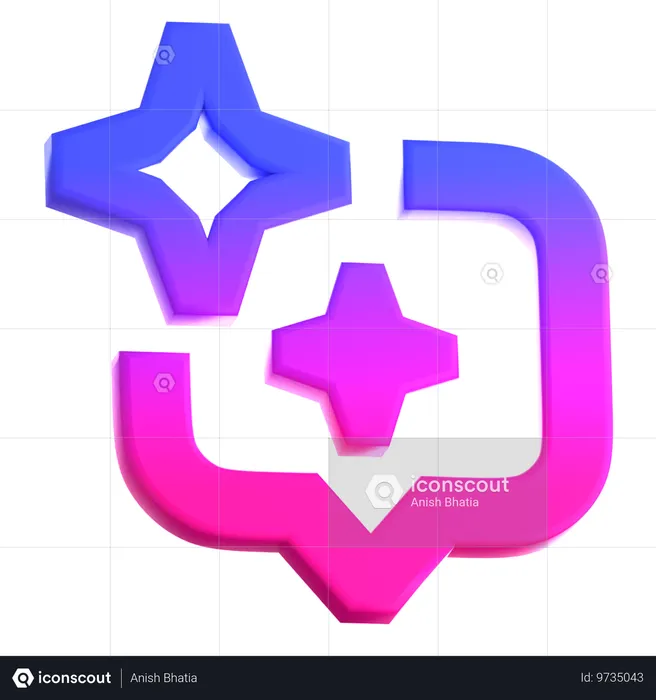 Ai message  3D Icon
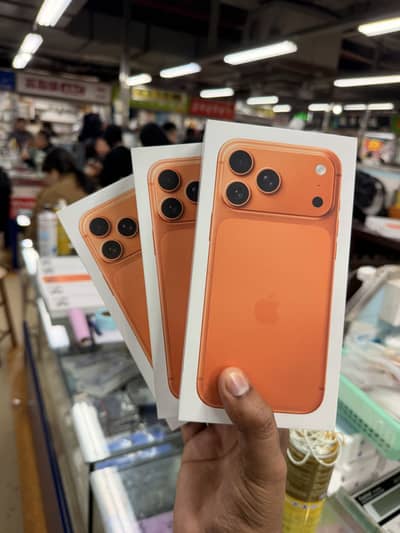 Iphone 17 pro max hk orange  256gp non active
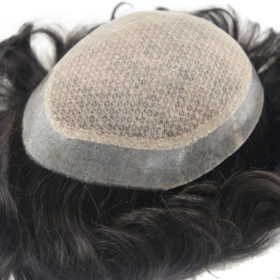 Custom I-LACE: I-lace with PU Base Natural Toupee for Men
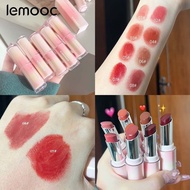 8 Colors Lipstick  Lip Gloss Mirror Moisturizing Waterproof Lip Glaze Makeup Lipstick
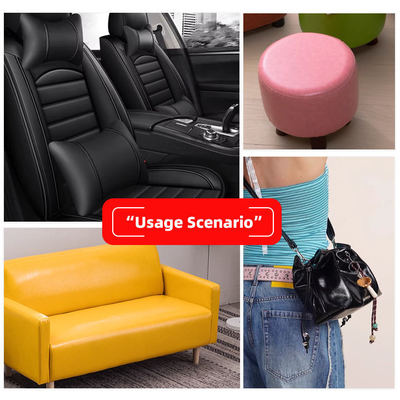 PVC Oily Wax Synthetic Leather สําหรับเฟอร์นิเจอร์ ความกว้าง 54"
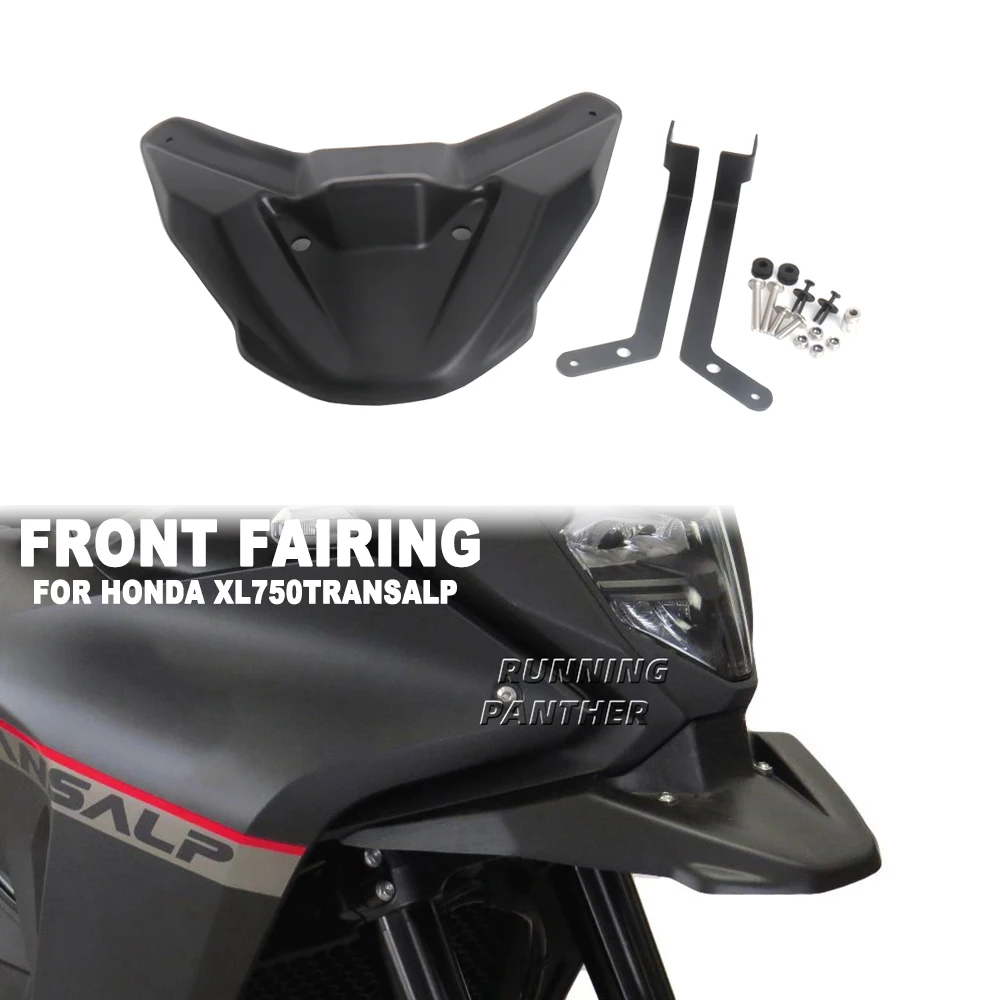 For HONDA XL750 TRANSALP 2023 2024 Nose Fairing Cowl Extension Wheel Cover XL 750 Transalp Motorcycle Front Beak Fender Extender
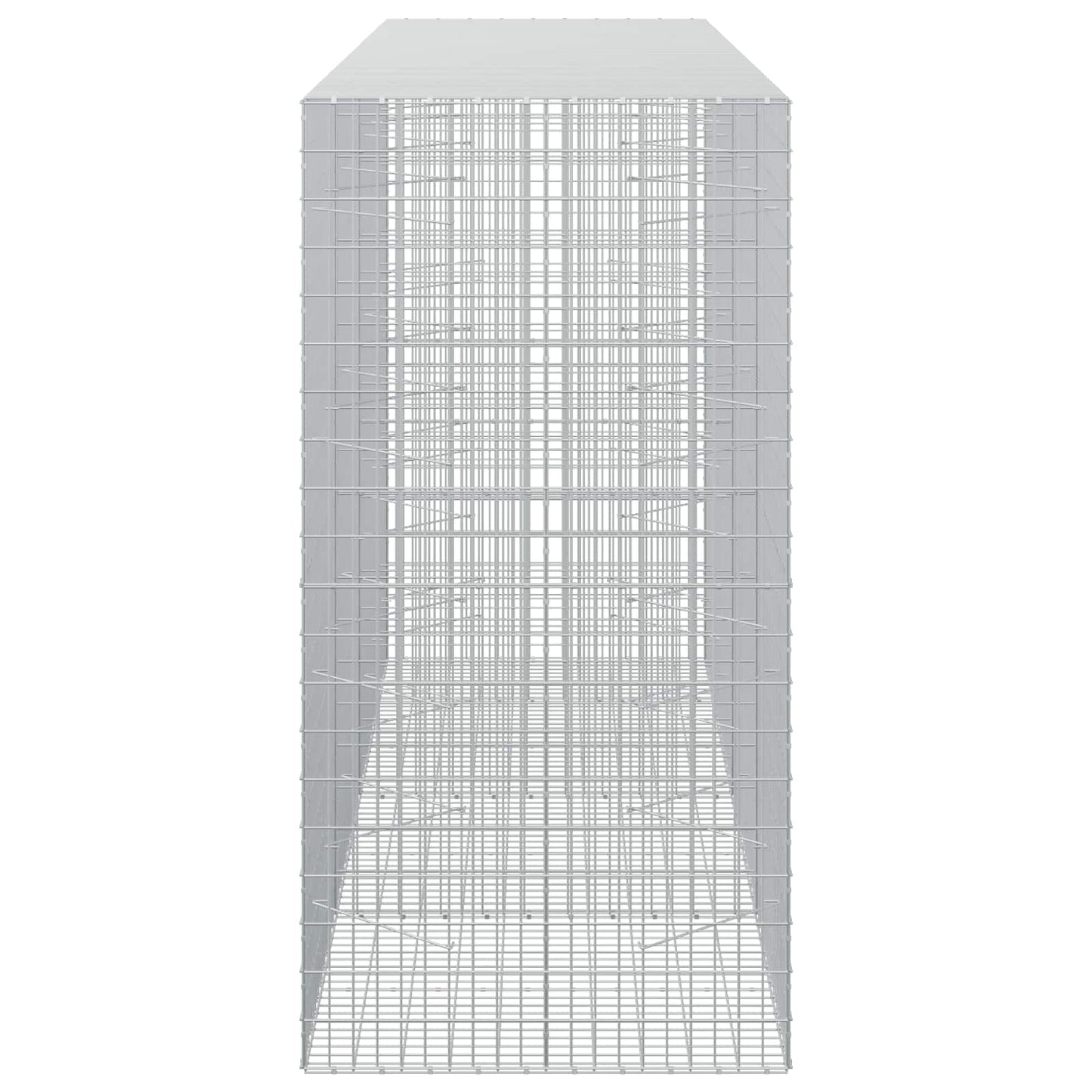 vidaXL Γκαμπιόν με σύρμα 3,5 mm και πλέγμα 5x10 cm 350x100x200 εκ.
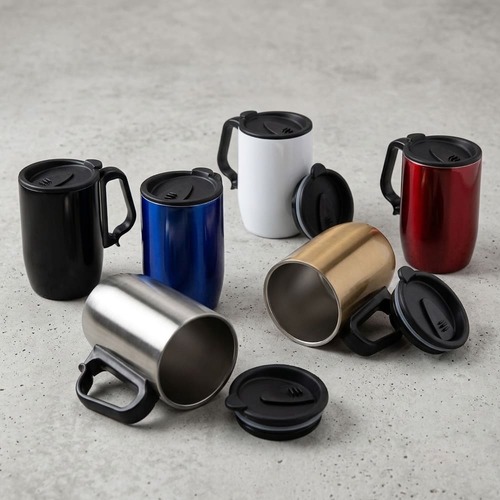 Office Slide 350ml Caneca Inox Antiderrapante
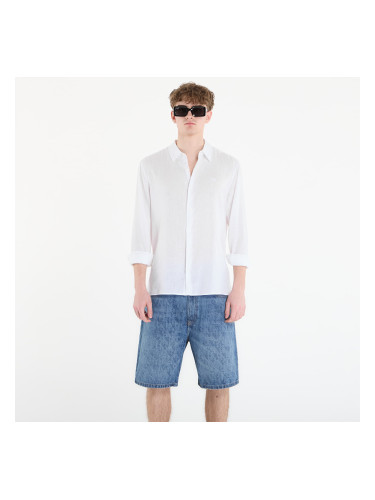 Риза Calvin Klein Ls Solid Linen Classic Shirt White M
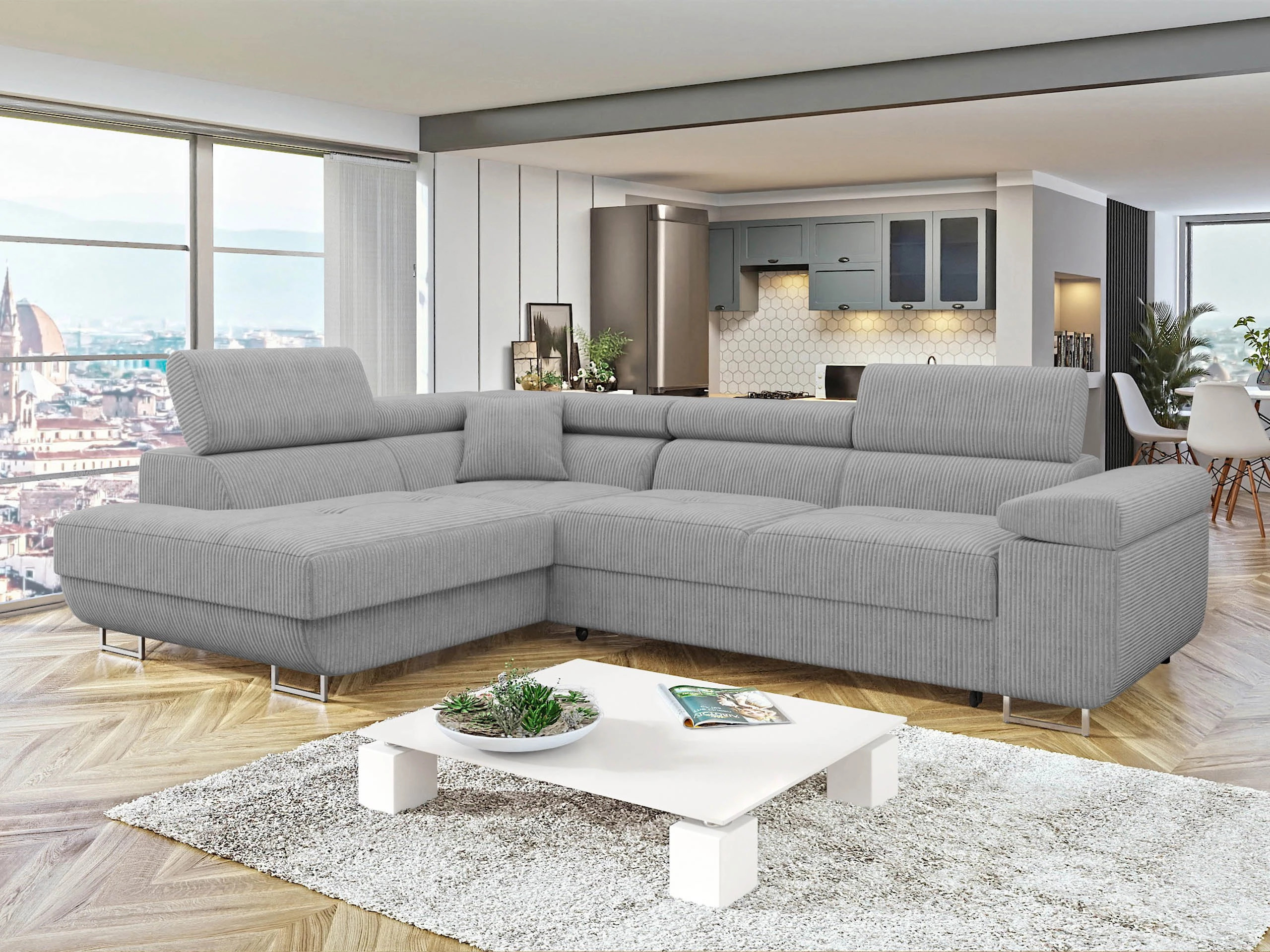 Sofá rinconero Comfivo Vinetum (Poso 110)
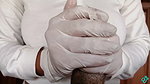 Latex Gloves and Surgical Mask (cum Eating)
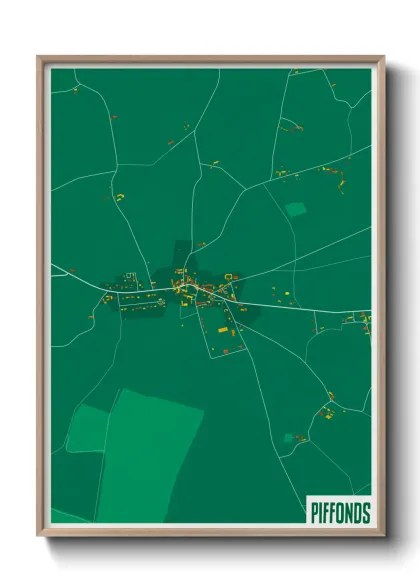 Une affiche de carte sur Piffonds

########################################

Assigned task: Everything above except the pictures needs to be reproduced exactly.

Written response:
 Ai message  3D Icon
 Iphone 17 pro max hk orange  256gp non active
 Custom I-LACE: I-lace with PU Base Natural Toupee for Men
 8 Colors Lipstick  Lip Gloss Mirror Moisturizing Waterproof Lip Glaze Makeup Lipstick
 PVC Oily Wax Synthetic Leather สําหรับเฟอร์นิเจอร์ ความกว้าง 54"
 For HONDA XL750 TRANSALP 2023 2024 Nose Fairing Cowl Extension Wheel Cover XL 750 Transalp Motorcycle Front Beak Fender Extender
 vidaXL Γκαμπιόν με σύρμα 3,5 mm και πλέγμα 5x10 cm 350x100x200 εκ.
 Office Slide 350ml Caneca Inox Antiderrapante
 Риза Calvin Klein Ls Solid Linen Classic Shirt White M
 Sofá rinconero Comfivo Vinetum (Poso 110)
 Latex Gloves and Surgical Mask (cum Eating)
 Une affiche de carte sur Piffonds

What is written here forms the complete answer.